Instructions for the task » What is needed is an exact repetition of the lines from the first one in the data through the line with "Candelabru cu pandantiv", with no pictures.

Data for processing »
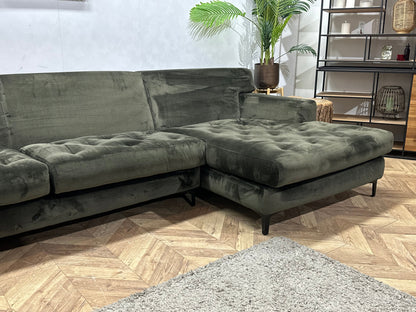 Donker Groene Velvet U Zetel ~ Nieuwstaat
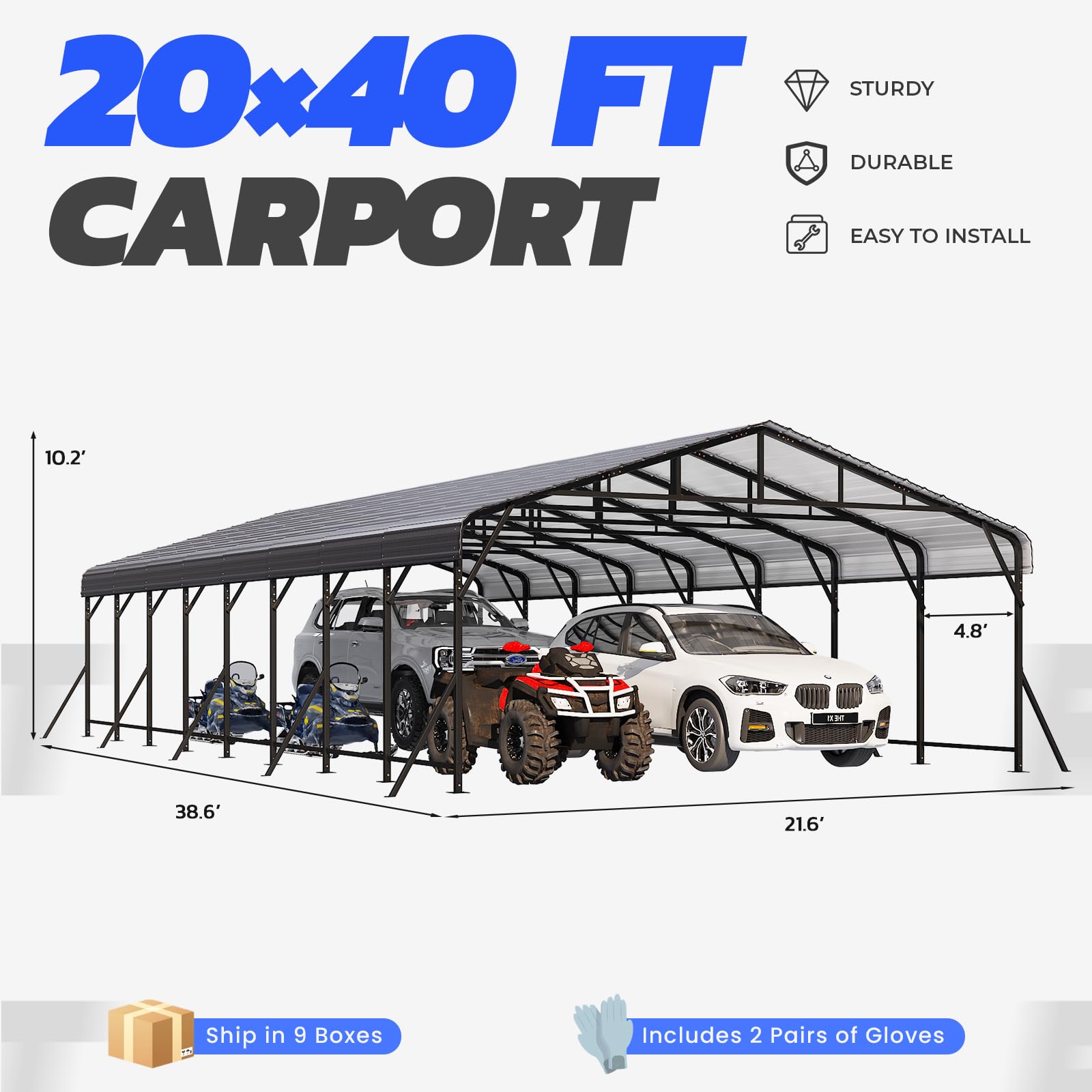 HOMREST 20X40 Hardtop Carport with Galvanized Roof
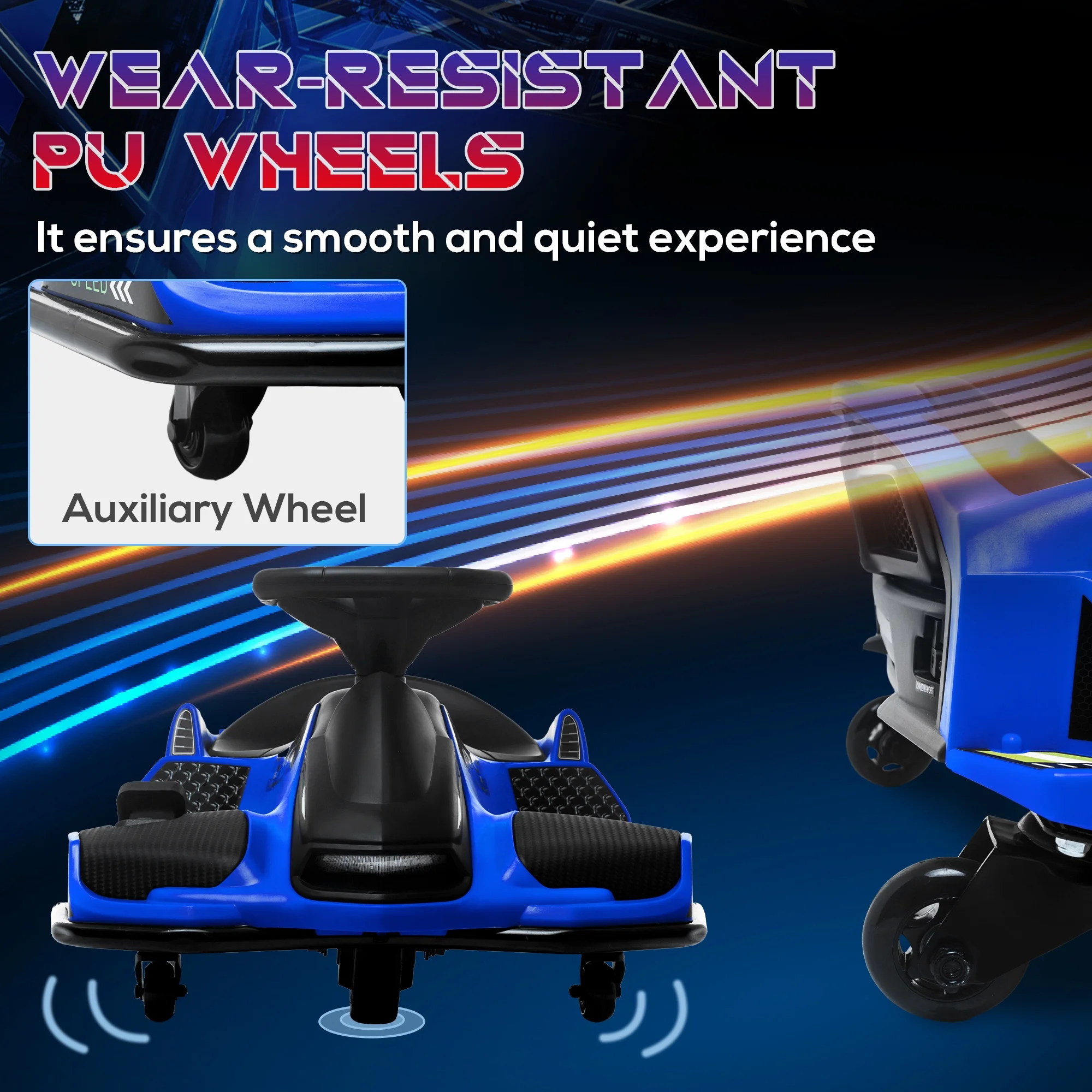 2025 Aosom 12V Elektrische Gokart met Langzame Start, Muziek en Verlichting �C Blauw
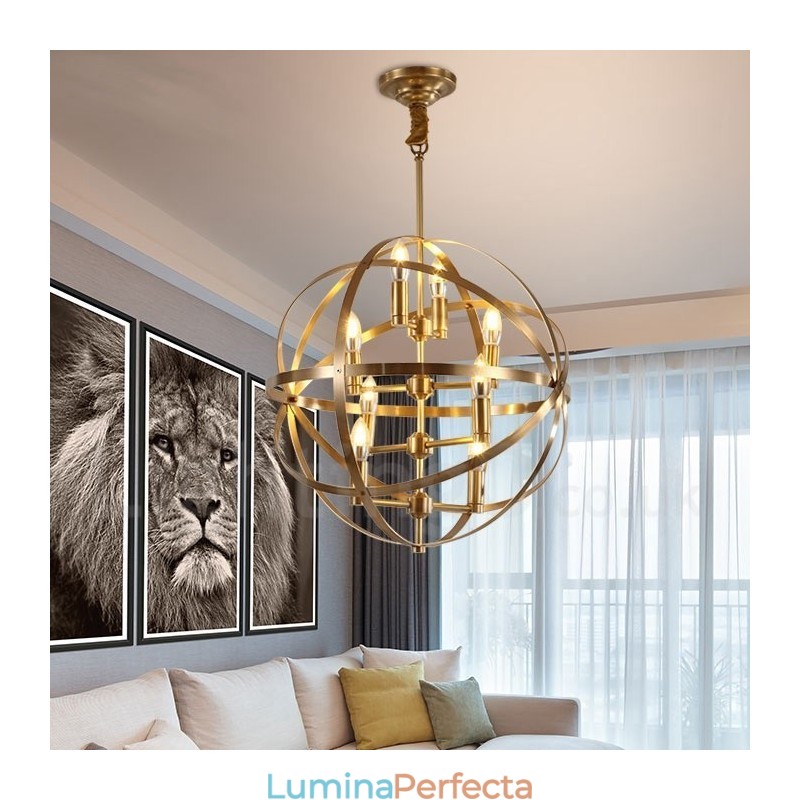 Candelabru cu pandantiv din alamă, retro, rustic, de lux, cu 8 lumini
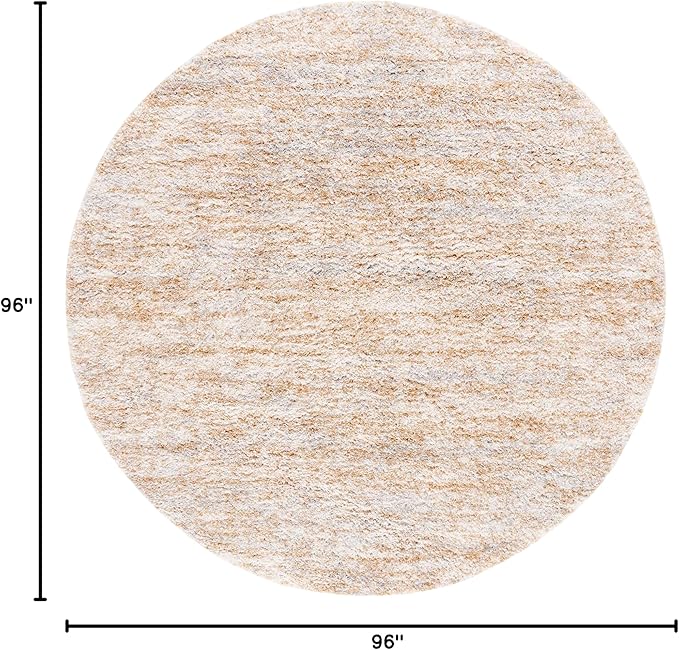 SAFAVIEH Area Rug 8' Round - Berber Shag Collection - Ivory & Light Gold, Non-Shedding & Easy to Clean, Plush Thick Pile, Ideal for Living Room, Bedroom, Dining Space (BER563D)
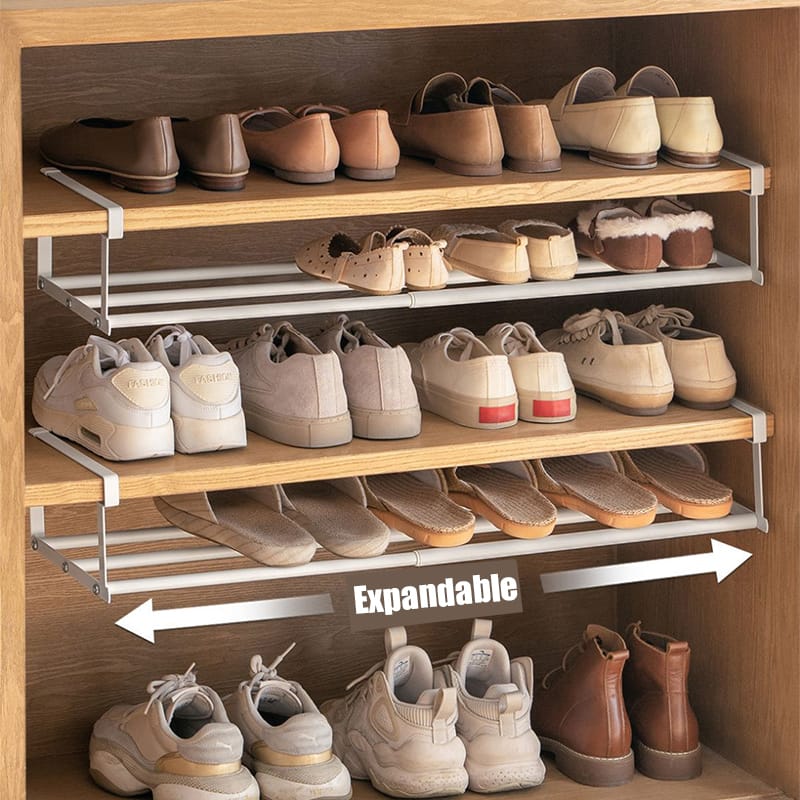 40-65cm Retractable Shoe Rack,Space-Saving Multi-Purpose Hanging Basket for Shoes Sundries,Home Neatening Towel StorageRack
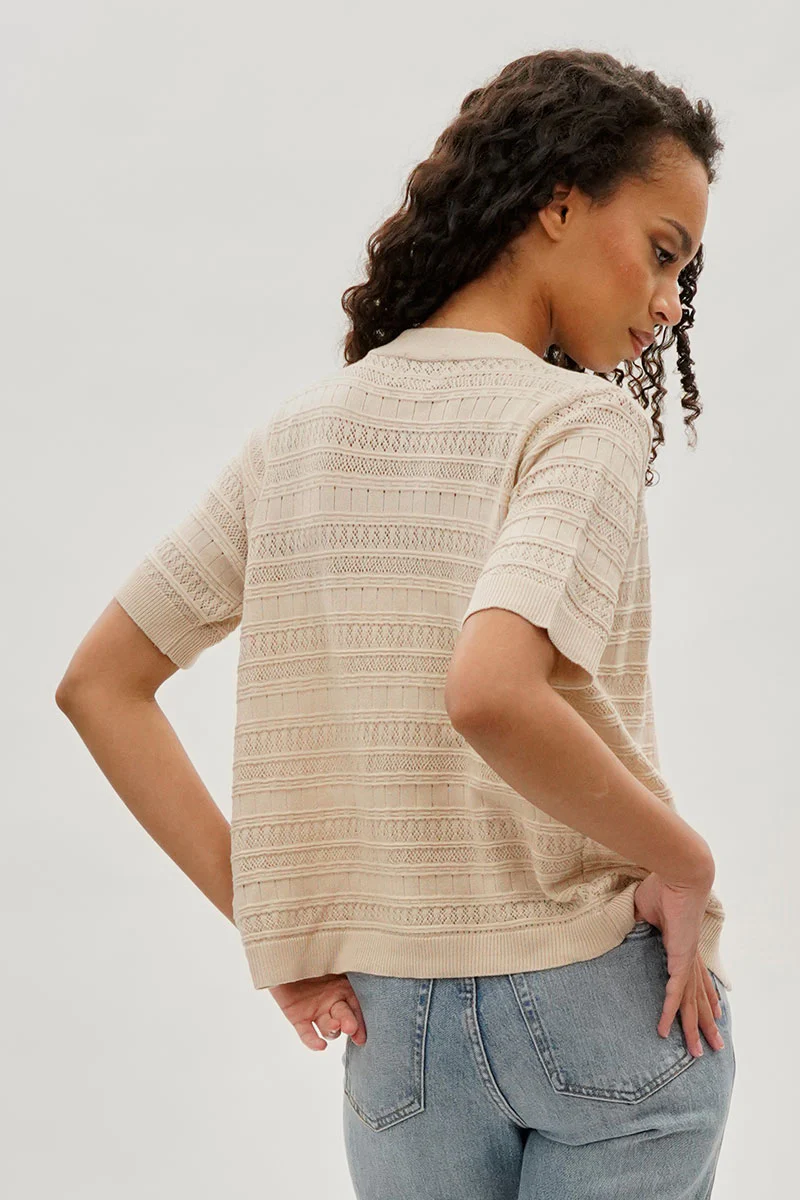 Beechers Brook Short Sleeve Knit Cardigan - Beige - Image 3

Task answer »
 Donker Groene Velvet U Zetel ~ Nieuwstaat
 HOMREST 20X40 Hardtop Carport with Galvanized Roof
 2025 Aosom 12V Elektrische Gokart met Langzame Start, Muziek en Verlichting �C Blauw
 Candelabru cu pandantiv din alamă, retro, rustic, de lux, cu 8 lumini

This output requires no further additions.